Dried fava beans from Stoney Plains. Photo copyright 2010 by Zachary D. Lyons.

Stoney Plains had a rockin’ year for fava beans, and lucky for us, they dried some of them. Talk about the ultimate year-round farm. Greens and beans all winter long! So enjoy this new addition to the dried bean lineup at your Ballard Farmers Market, and enjoy your fava beans all winter long.

Adam Lewis, from House Of The Sun raw & vegan foods, stands behind lots of Nash's kale. Photo copyright 2010 by Zachary D. Lyons.

From the category of “a picture speaks a thousand words” comes this photo of Adam from House Of The Sun raw and vegan foods holding up their deliciously famous kale chips while he stands behind a huge pile of Nash’s kale that he will use to make more kale chips. It is one thing to be a local food processor who makes a great product. It is another to be one who makes that great product from local ingredients!

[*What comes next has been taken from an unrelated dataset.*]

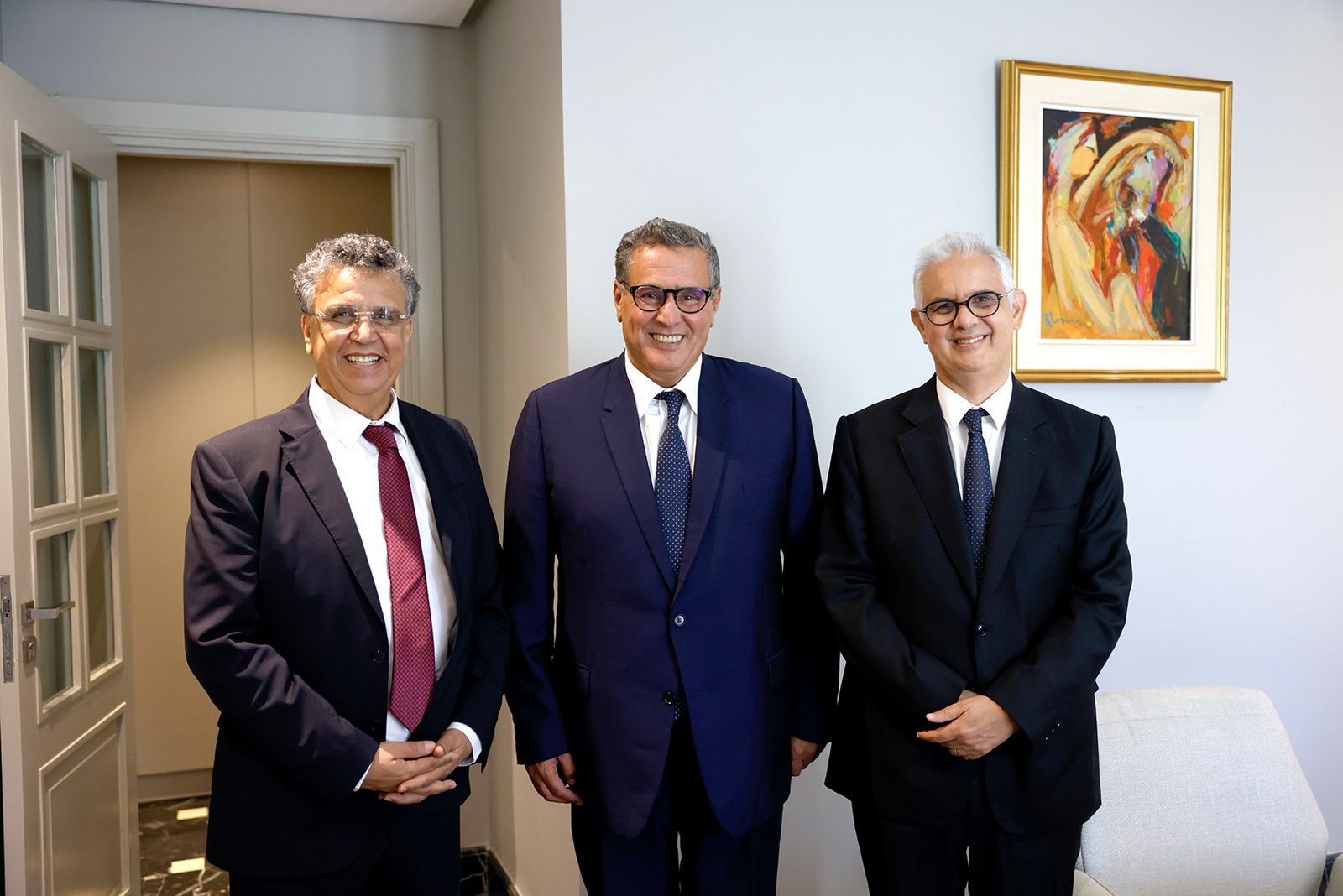  اعترفت بوجود خلافات بينها "اتفقت على تجاوزها".. الأغلبية الحكومية تصف الهجوم الفرنسي على المغرب بـ"الأصوات الخارجية النشاز" 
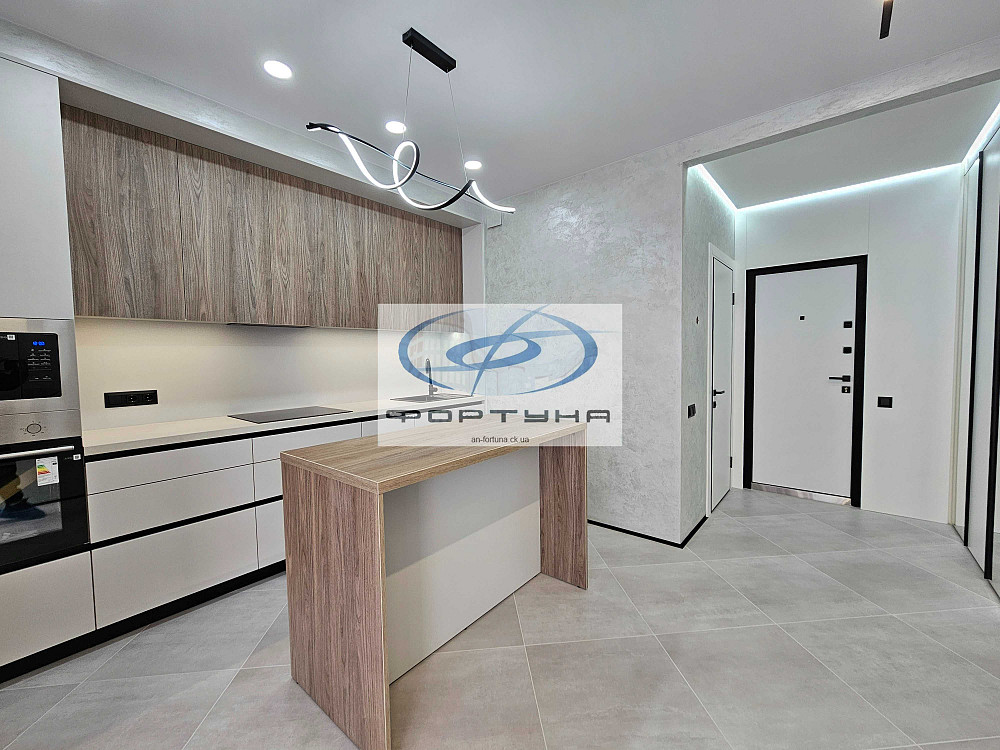 Стильна квартира із новим ремонтом у закритому ЖК. Митниця Черкассы - изображение 4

Red storage onions from Anselmo's. Photo copyright 2010 by Zachary D. Lyons.

Anselmo’s, your Ballard Farmers Market’s founding farmer, is always a great source for all things onions, shallots and garlic. Just take a gander at these beautiful red storage onions, for instance. Just think of the Christmas morning bagels and lox with a slice of one of these lovelies!

Goat milk soap from Harmony's Way. Photo copyright 2010 by Zachary D. Lyons.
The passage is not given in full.